Wiki Cob second insurance

nbraper

Guest
Messages
4
Best answers
0
Hi everyone!!
please advise. I was informed by my office manager that I am required to bill the patient's second insurance with no adjustments from the primary patient's insurance.
I have always posted the payment and if there was no balance due (they paid 100% of contractual allowed amount) I would adjust per their requirement and not bill the second insurance
because no additional payment (coinsurance/copay/deductible, etc) was due. Is it legal to bill the second insurance without adjustments from the primary insurance?
I am required to bill the second insurance with a $0.00 balance due. please advise!!!!!!!

Thanks!!
Nina
 
I'd still send the claim with the primary EOB to the secondary carrier. It will depend on the contract with the secondary. Most will just say no additional payment due since the primary paid more than they would have allowed. Some will make up the difference if there is a higher contract rate. Another reason is patient may have a deductible on the secondary and that amount may help them satisfy the deductible in case of any future claims. The secondary carrier will also want to keep track of COB savings. There are various other reasons as well. I believe you report the amount paid in box 29 and the write off amount as amount due in box 30.
 
Last edited:
In my office, our programs won't even create a bill for a secondary insurance company if the primary paid in full. I've never heard of billing a zero bill typically because secondary won't pay higher than the primary. Plus, we do not balance bill.
 
In my office, our programs won't even create a bill for a secondary insurance company if the primary paid in full. I've never heard of billing a zero bill typically because secondary won't pay higher than the primary. Plus, we do not balance bill.

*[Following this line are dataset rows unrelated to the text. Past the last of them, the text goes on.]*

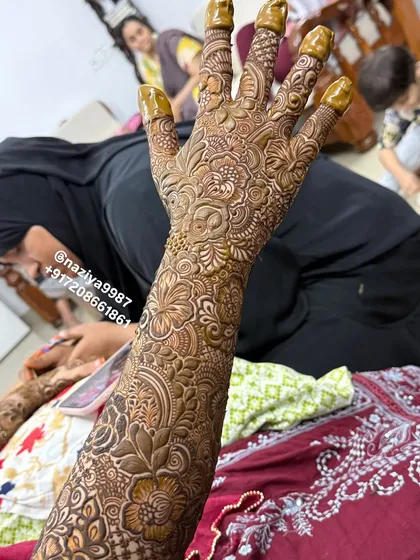 A detailed shot of the back of the hand for a bridal design. The pattern is dense and rich, featuring roses and fine-line fillers.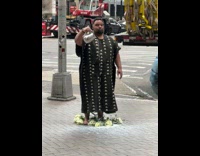 Man on Flowers Spills Milk on Ground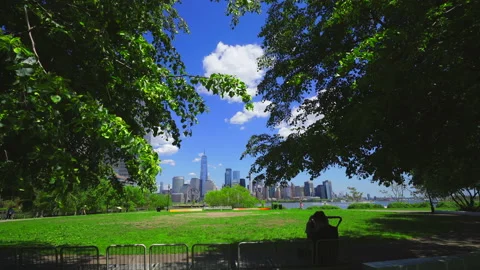 Unique shape clouds float over the Lower Manhattan skyscraper NYC. Stock-Footage 155411494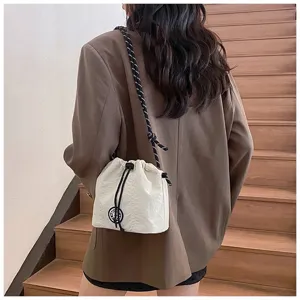 Modella che indossa una piccola borsa a secchiello in nylon con tracolla in corda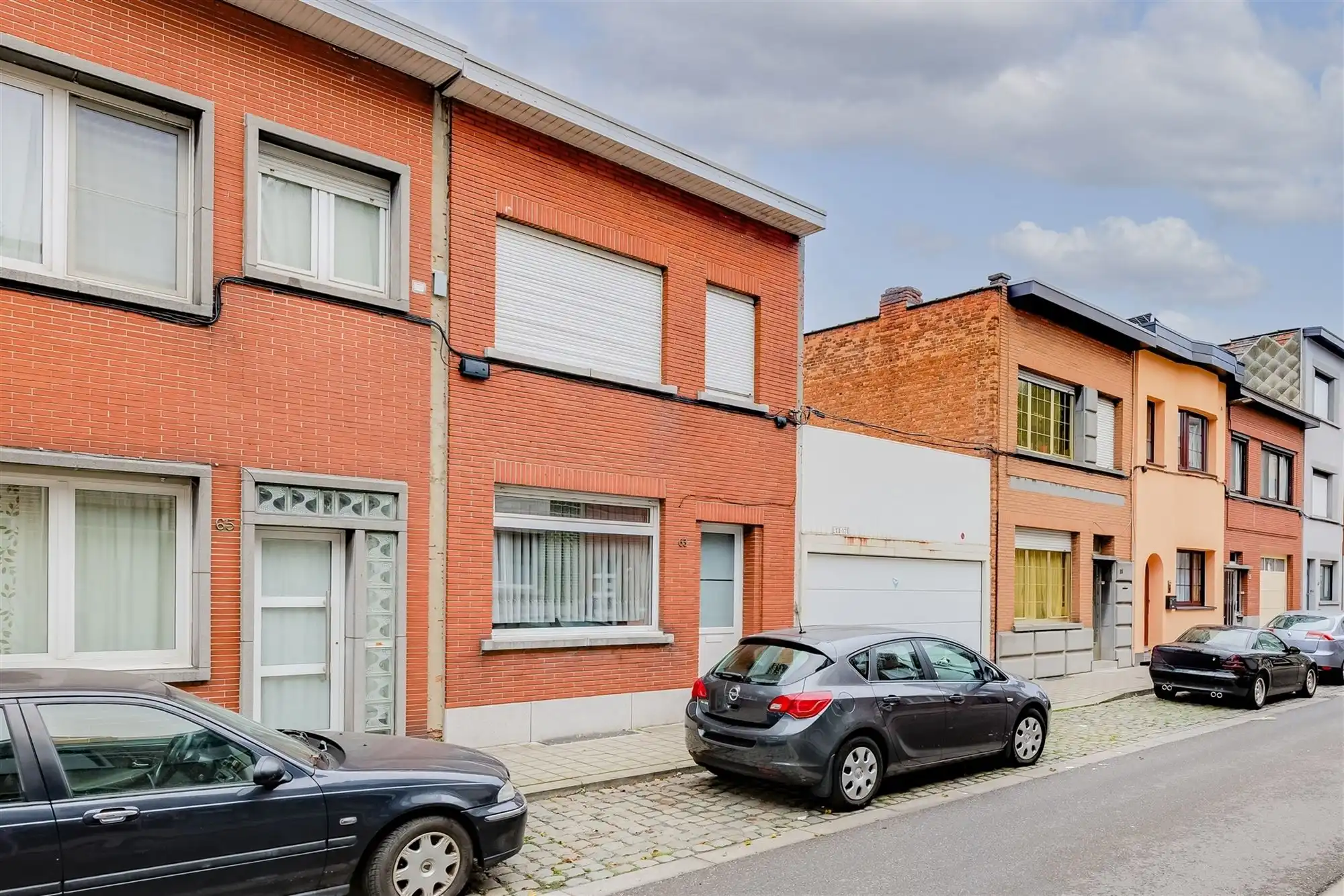 Te renoveren woning met tuin in Merksem foto 2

With the huge switch to Qualified High Deductible plans, i think things need to be handled differently than in the past. I guess one could only do it when asked for by a patient. I'd sure want the deductible credit for later. Then again things like routine with no cost share there would be no reason to bill a secondary.
 
In our practice, we post the payment and the adjustment from the primary insurance as we are contractually obligated to do (since we are under contract with that insurance). If no balance exists after the CO-45 than the claim isn't filed to the secondary.

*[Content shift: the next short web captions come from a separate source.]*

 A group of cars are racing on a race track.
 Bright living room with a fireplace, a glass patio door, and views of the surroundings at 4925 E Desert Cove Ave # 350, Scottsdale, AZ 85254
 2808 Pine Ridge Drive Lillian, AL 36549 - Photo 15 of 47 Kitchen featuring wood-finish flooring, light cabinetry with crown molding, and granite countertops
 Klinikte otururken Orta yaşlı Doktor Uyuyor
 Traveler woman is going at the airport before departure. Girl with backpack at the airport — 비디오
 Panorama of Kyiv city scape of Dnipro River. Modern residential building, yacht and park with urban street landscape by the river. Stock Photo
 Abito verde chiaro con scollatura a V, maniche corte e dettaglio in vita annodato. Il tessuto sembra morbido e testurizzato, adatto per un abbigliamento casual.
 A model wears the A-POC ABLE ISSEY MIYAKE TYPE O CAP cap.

I'm not sure why one wouldn't take the adjustment because when the claim is filed to the secondary, with the primary EOB, the secondary payer is going to see the primary allowable, the payment from the primary payer, any patient responsibility, and the contractual adjustment. If that results in a zero balance after the primary payment, secondary shouldn't pay anything anyways.

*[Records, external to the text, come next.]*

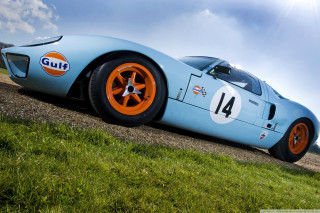 Blue racecar orange wheels dirtroad - a blue race car free wallpaper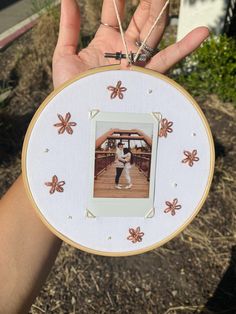 a person holding up an embroidered picture frame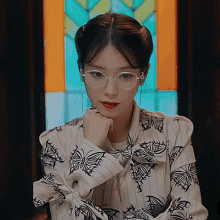 a woman wearing glasses and a striped shirt with butterflies on it .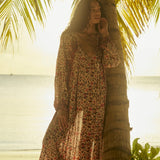 Natalie Martin Fiore Maxi Wildflower Spice resort maxi dress editorial under palm trees at sunset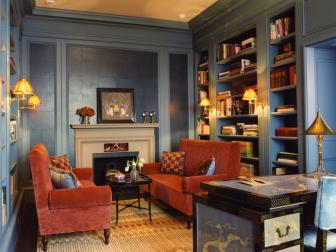 Blue Home Office With Built-In Shelving and Red Sofas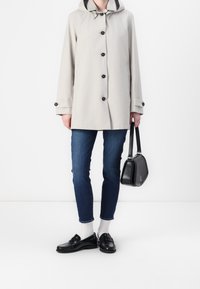 Persoon in een beige gewatteerde jas met capuchon, blauwe jeans, witte sokken, zwarte instappers, die een zwarte leren handtas vasthoudt tegen een witte achtergrond.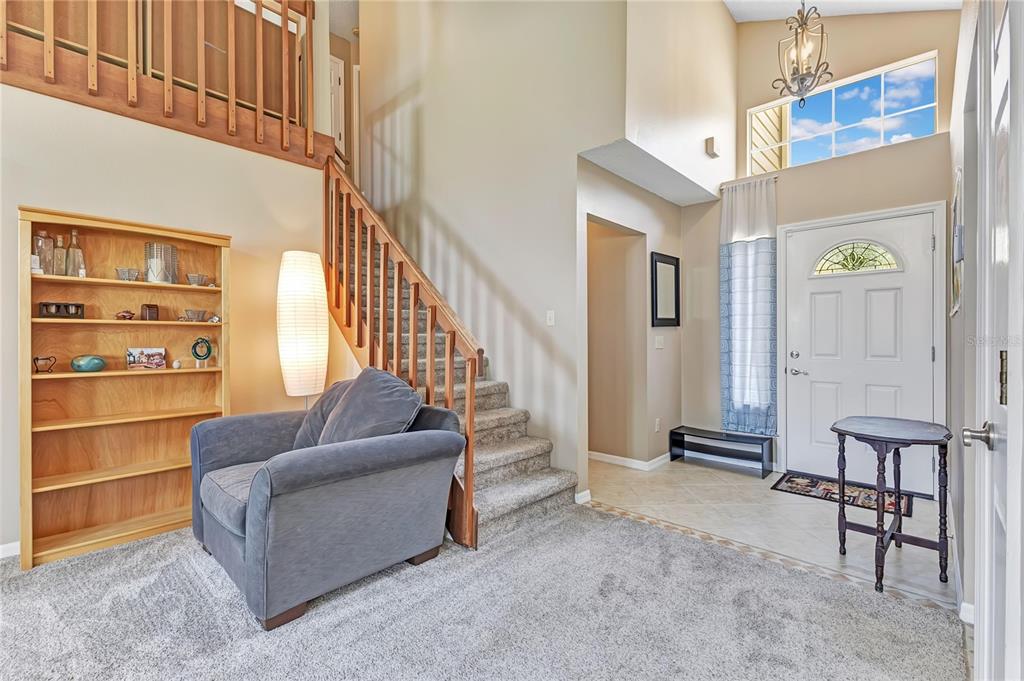 A two-story house with beige siding, a brick-accented garage, and a front walkway — 779 MEADOWSIDE COURT, ORLANDO, FL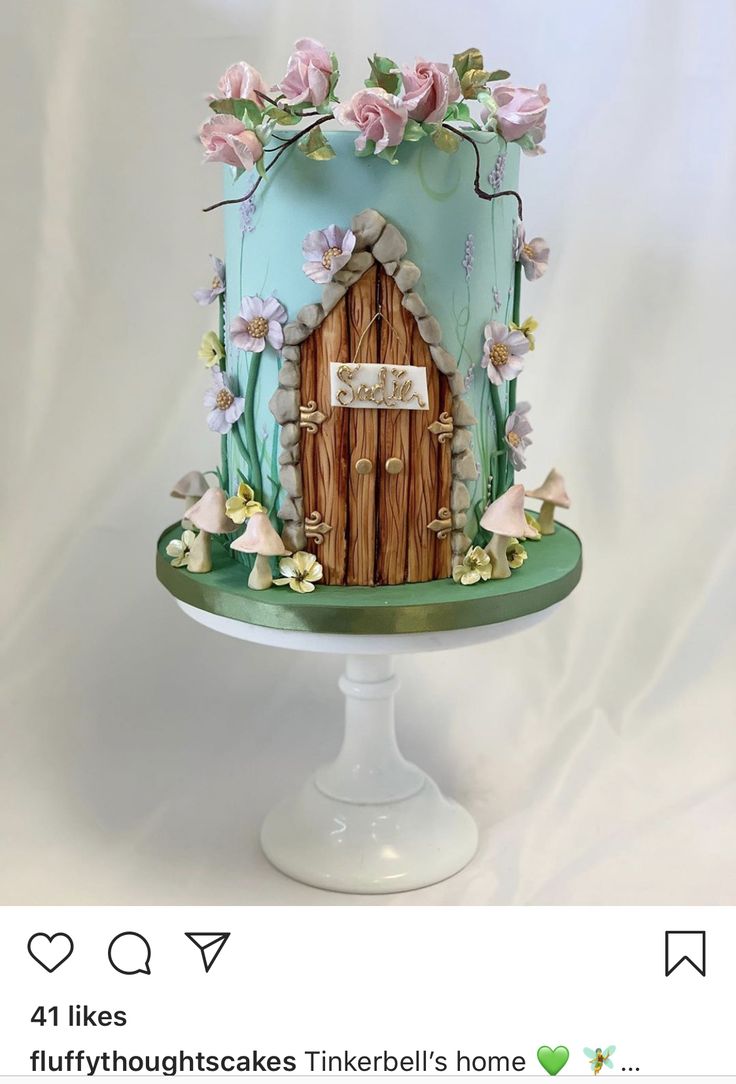 a cake that looks like a fairy house with flowers on the outside and a door in the middle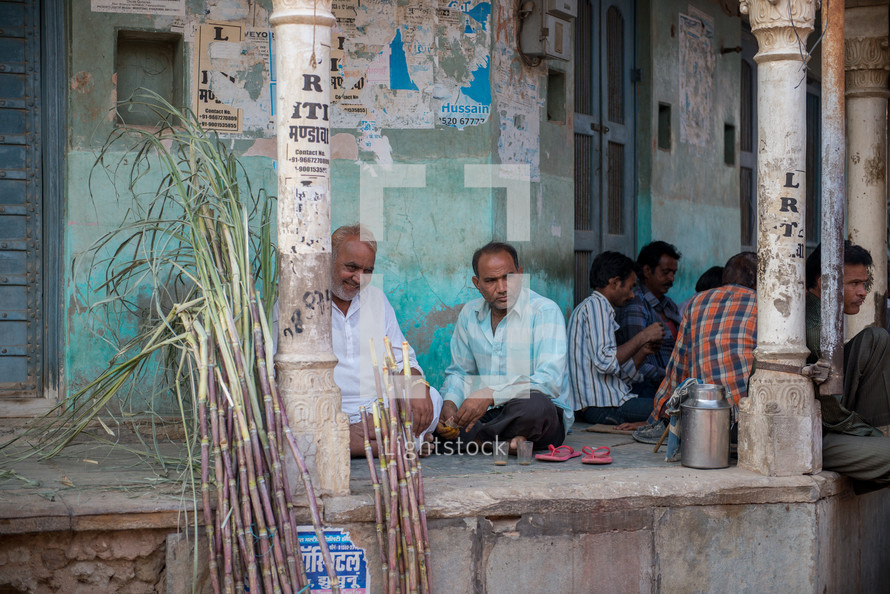 men sitting on a porch in Mandawa, India 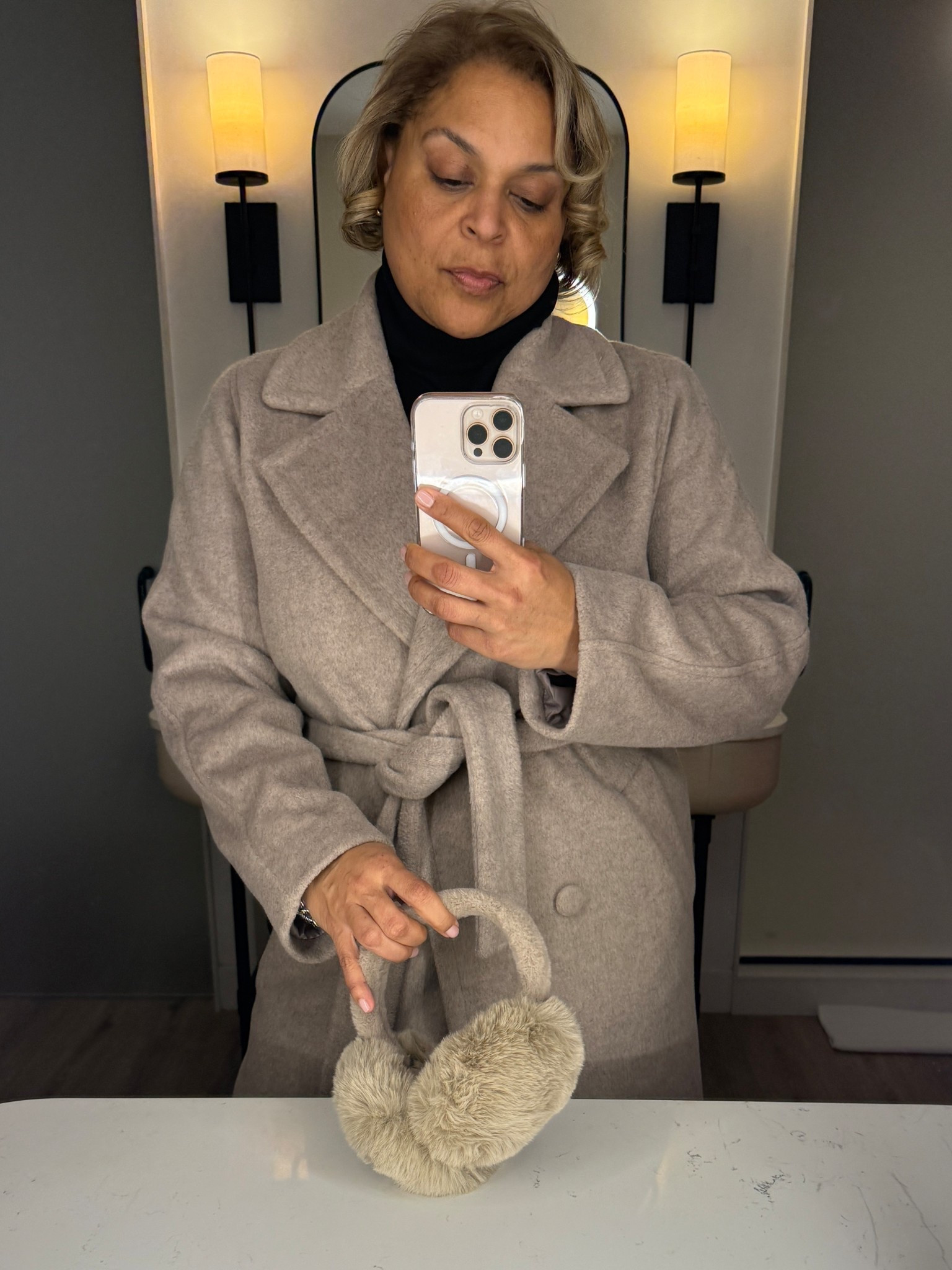 A good coat and fun earmuffs are a must have combo this season
Camel coat overcoat belted coat winter coat oatmeal coat fur earmuffs 

#LTKStyleTip #LTKFindsUnder100 #LTKSeasonal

I have seen where the secondary doesn't coordinate benefits with the primary payers, they go by their own fee schedule with us, and pay their allowable. Sometimes this results in a credit back to the insurance company. We run reports each month to refund patients or payers any overpayments.

We also have instances where the patient paid a copay at the time of service. Primary applied the copay, resulting in a zero balance, but because the patient has a responsibility, the claim is filed to the secondary, where they pick up that copay. The credit is then refunded to the patient.